RECORDS FOR THE TASK:
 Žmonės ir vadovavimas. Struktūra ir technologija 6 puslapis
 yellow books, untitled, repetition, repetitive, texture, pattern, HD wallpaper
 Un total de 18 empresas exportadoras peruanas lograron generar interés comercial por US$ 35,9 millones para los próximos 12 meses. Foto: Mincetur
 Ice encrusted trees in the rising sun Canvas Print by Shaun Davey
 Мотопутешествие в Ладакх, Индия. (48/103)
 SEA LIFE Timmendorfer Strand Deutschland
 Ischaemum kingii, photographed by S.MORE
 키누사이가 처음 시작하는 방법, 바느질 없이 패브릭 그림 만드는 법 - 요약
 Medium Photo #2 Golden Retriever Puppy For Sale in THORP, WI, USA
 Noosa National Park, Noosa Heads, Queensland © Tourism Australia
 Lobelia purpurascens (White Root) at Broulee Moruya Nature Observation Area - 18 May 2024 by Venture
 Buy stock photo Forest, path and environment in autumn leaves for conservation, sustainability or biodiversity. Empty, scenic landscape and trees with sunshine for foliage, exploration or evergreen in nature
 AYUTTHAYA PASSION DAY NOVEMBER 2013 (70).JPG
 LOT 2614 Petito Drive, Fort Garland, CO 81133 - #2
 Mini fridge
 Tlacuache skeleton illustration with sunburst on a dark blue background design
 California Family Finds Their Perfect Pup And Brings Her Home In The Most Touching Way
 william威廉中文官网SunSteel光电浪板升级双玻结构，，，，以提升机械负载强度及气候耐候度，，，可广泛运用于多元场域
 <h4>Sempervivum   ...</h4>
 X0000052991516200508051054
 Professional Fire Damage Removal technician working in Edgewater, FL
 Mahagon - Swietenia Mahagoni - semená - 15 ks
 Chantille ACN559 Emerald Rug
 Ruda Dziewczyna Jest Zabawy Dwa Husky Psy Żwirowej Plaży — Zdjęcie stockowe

WHAT THIS TASK INVOLVES:
Match on "with": copy every line in the records that has it.

SOLUTION FOR THIS TASK:
 Buy stock photo Forest, path and environment in autumn leaves for conservation, sustainability or biodiversity. Empty, scenic landscape and trees with sunshine for foliage, exploration or evergreen in nature
 Tlacuache skeleton illustration with sunburst on a dark blue background design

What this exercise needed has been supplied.